### What is being asked
Lift out, unaltered, the lines of the material below between the line holding "水浴びしたいけど怖くてできない我が家のポフくん" and the line holding "Cox Heights House", counting both.

### Task material
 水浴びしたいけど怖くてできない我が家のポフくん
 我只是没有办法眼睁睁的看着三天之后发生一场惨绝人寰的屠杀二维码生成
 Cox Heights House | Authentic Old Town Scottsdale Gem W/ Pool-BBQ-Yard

--

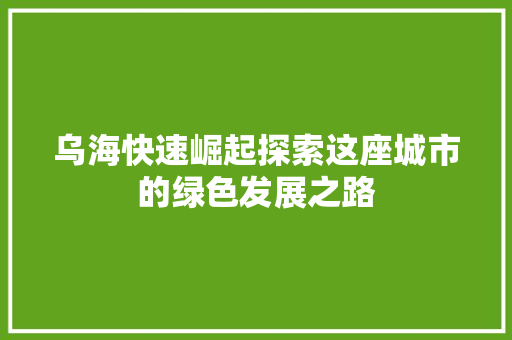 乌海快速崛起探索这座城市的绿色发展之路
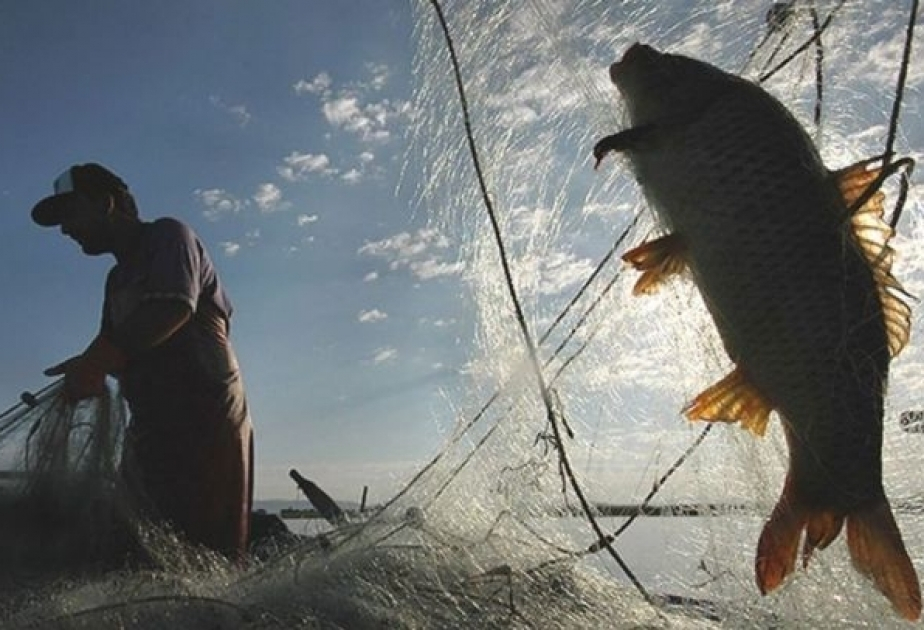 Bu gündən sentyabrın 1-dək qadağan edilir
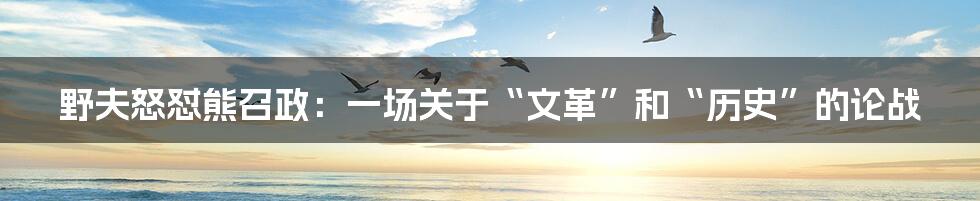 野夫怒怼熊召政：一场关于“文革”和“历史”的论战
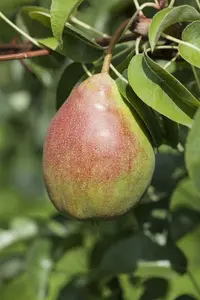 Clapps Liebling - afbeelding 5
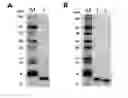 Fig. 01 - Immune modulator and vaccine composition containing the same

--

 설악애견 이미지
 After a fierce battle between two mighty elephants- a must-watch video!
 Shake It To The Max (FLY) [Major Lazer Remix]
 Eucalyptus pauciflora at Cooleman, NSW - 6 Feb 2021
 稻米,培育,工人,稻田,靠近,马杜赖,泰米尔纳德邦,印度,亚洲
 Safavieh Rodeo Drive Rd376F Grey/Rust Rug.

### Response below
 水浴びしたいけど怖くてできない我が家のポフくん
 我只是没有办法眼睁睁的看着三天之后发生一场惨绝人寰的屠杀二维码生成
 Cox Heights House | Authentic Old Town Scottsdale Gem W/ Pool-BBQ-Yard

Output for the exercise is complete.